SOLUTION

AC slip Ring Motor, Ward Leonard Method, Cumulative Compound Motor drive can be used for Hoisting Machinery.

Cranes and Hoists for electric motor drive

The requirements of the drive are as follows:

The acceleration and retardation must be uniform. For exact positioning of loads creep speeds must be possible. The motion of the crane is in all three dimensions. The drive must have high speeds in both directions horizontal and vertical. The speed must be constant while lowering the loads. Mechanical braking must be available in an emergency. Due to the heavy inrush of current at starts, fluctuations in supply voltage are possible. The drive motor must be capable of withstanding such fluctuations.

Among the d.c. motors, the series motors, and cumulative compound motors are most preferred for crane operations. The motors have good starting torque, high torque capacity at light loads, the simple arrangement of braking, electric braking at low speeds is possible. The only disadvantage is that the motors are less stable while the regenerative braking. So additional stabilizing circuits are necessary. Advances made in the technology of solid-state devices have enabled the use of thyristor converters and choppers for driving the d.c. motors used in cranes and hoists with good accuracy, reliability, and efficiency.

⇒ The characteristics of cumulative compound motor lie between those of shunt and series motors. The series field provides a high starting torque and the shunt field prevents overrunning in the no-load condition.

These motors are used for drives where high starting torque is required with the probability of the load being totally removed such as punch, press, shears, planning machine, conveyors, crushers, bulldozers, lid haulage gears, mine hoist, power fans, rolling mills, stamping press, and the large printing press.

⇒ In SLIP RING induction motor the ends of the rotor windings are externally connected by a variable rheostat (resistance is varied in order to give it proper starting and running current). So more the resistance, more the torque. When we add resistance to the rotor the torque is high, the slip is high and the current is reduced.

With the correct value of (usually) resistance inserted in the rotor circuit, a near-unity relationship between torque and supply current at the start can be achieved, such as 100%full load torque (FLT), with 100% full load current (FLC) and 200% FLT with 200 percent FLC. This is comparable with the starting capability of the dc machine.

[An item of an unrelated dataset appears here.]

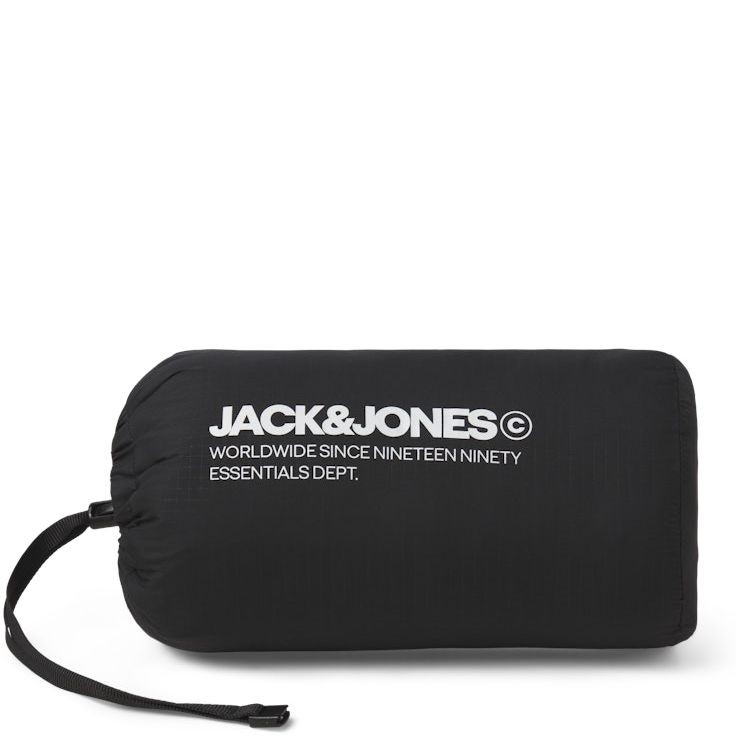 JACK & JONES Pūkinė liemenė vyrams, Juoda, State packable bw collar 2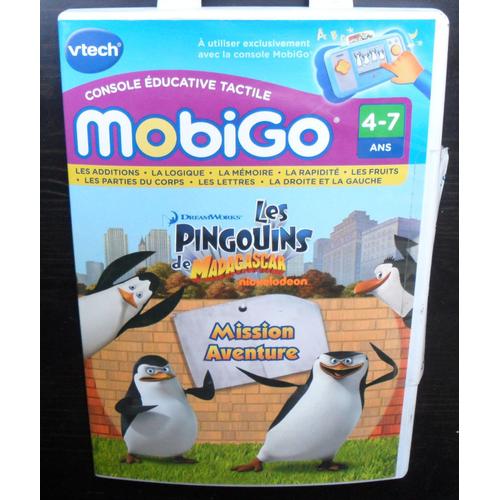 Vtech Jeu Mobigo Les Pingouins De Madagascar - Mission Aventure - Dreamworks - Nickelodeon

Not only high starting efficiency but also smoothly controlled acceleration historically gave the slip ring motor great popularity for lift, hoist, and crane applications.

Ward Leonard system is commonly employed for elevators, hoists, and main drive in steel mills, as this method can give unlimited speed control in either direction. Since the generator voltage can be varied gradually from zero, no extra starting equipment is required to start up the main motor smoothly.